“I expect players, officials and fans to set a perfect example of fair play” – Sepp Blatter, September 2010.
Anybody else out there bored listening to the empty voices waffling on about FIFA’s great and wonderful (and essentially hollow) ‘Respect’ campaign? Anybody else wish they would all just stop talking start doing? Anybody else losing faith in our wonderful game?
Every day we see somebody else being the puppet, mouthing platitudes about fair play, anti-racism, unity, values, morals and ethics.
And every day we watch players making a mockery of this hyperbole with their diving, their brandishing imaginary cards, their foaming at the mouth like disease-ridden feral animals as they scream obscenities punctuated with expletives at match officials who meekly accept it as part of the game.
What a great example to hold up for the kids watching our ‘beautiful game’.
One of the reasons we all love to watch Lionel Messi is his integrity. Never mind his breath-taking brilliance, his ability to deftly dodge despairing defenders and dance around the dumbfounded goalkeeper to neatly nestle the ball in the net. We love him because he slithers and wriggles out of scything tackles, leaps away from lunging legs, and jinks through juddering challenges. None of this namby-pamby, pathetic play-acting and posturing for him.

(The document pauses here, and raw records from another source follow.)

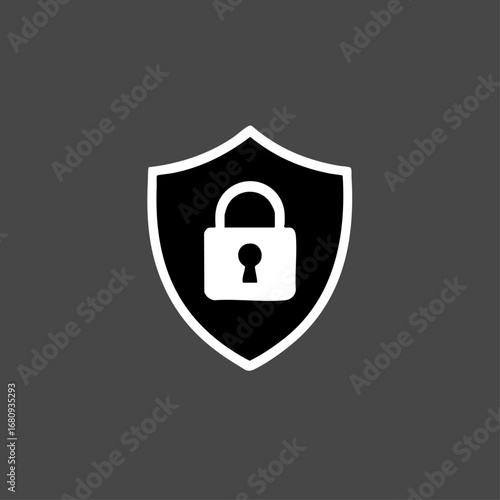 Black and White Vector Cyber Security Shield and Lock Symbol with Technology Circuit Background.
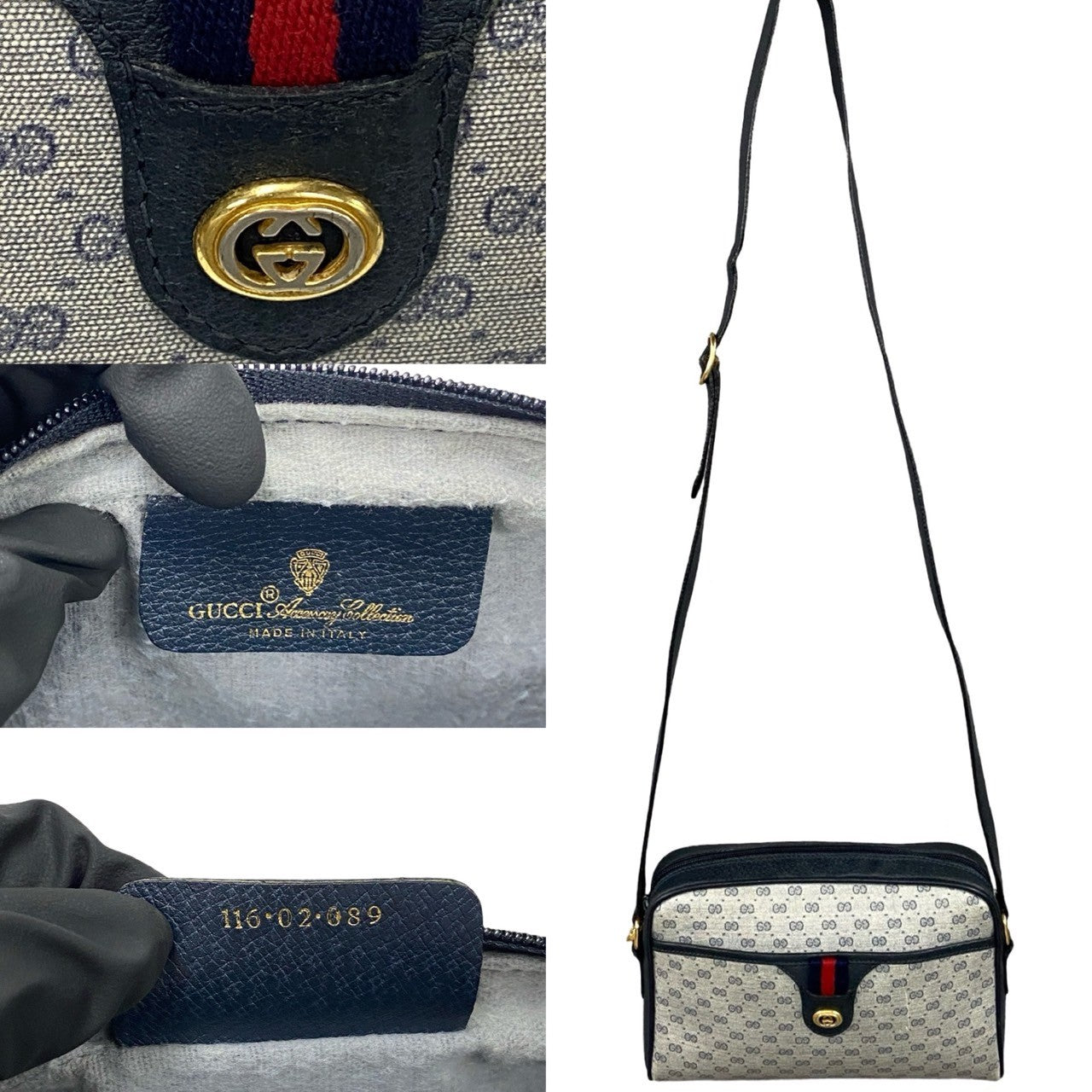 GUCCI Shoulder Bag Leather, PVC Navy Micro GG Sherry line Women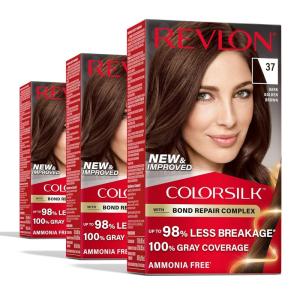 imageRevlon ColorSilk with Bond Repair Complex Brown Permanent Hair Color 100 Gray Coverage Ammonia Free Hair Dye Vegan Keratin 40 Medium Ash Brown Pack of 337 Dark Golden Brown
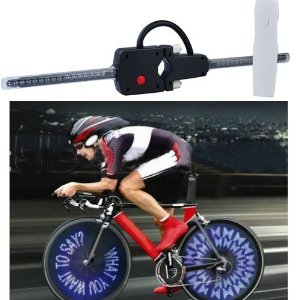 Đèn LED xe đạp tự tạo hiệu ứng, thông điệp gắn vành xe không dây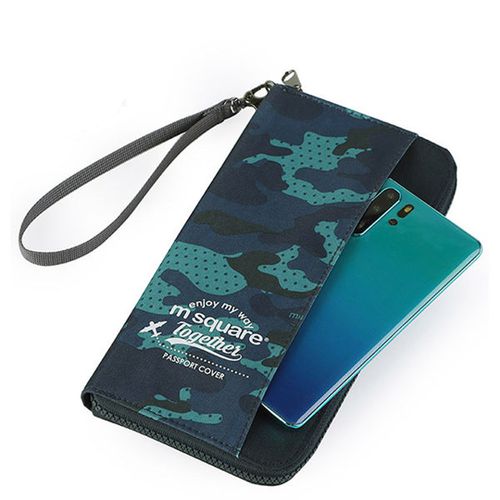 M Square - 長版手挽護照夾紀念版-迷彩藍-23*12cm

Just real honest football; the contact sport that we played when we were kids, when you were allowed to tackle.
But seemingly every day we find dishonesty and, let us be honest, out-and-out cheating more and more difficult to stomach or accept. So we should take the only action available to us – turn our backs and stop watching.
Respect is a FIFA/UEFA buzzword. No more, no less. It’s all posturing and no guts or gumption. It’s all big talk full of empty words.
As we watch a new season begin to spread it’s wings, will we be witnessing more players flying after ‘contact’, or will we actually see a mentality of respect finally get off the ground?
Now, whilst all players should be held accountable for their actions and their behaviour, and be punished for their transgressions and wrongdoings, the ability and willingness of the referees to fulfil their responsibilities should be examined with precisely the same standards.
At half-time in the game between Austria and the Republic of Ireland last week, Robbie Keane could be seen trying to engage in conversation with the referee. The general consensus is that he was endeavouring to discover why John O’Shea had been issued with a yellow card for a challenge which was almost a mirror image of a tackle moments earlier by an Austrian defender on an Irish player which had not resulted in even a free kick.
Keane pointed to his Captain’s armband repeatedly to indicate his position and also removed his team-mates from the situation so as to hold a captain’s conversation with the official and clarify/question the decisions. He did so calmly and evenly, but thereferee showed him a yellow card.
Respect is a two-way street, and respect must be earned regardless of which direction in which you travel upon that street.
If the players and the officials will not show respect for each other, are FIFA or UEFA really going to show some teeth and pick up the pieces of that particular collision, or will this ‘Respect’ campaign end up in a smoking pile of ruin?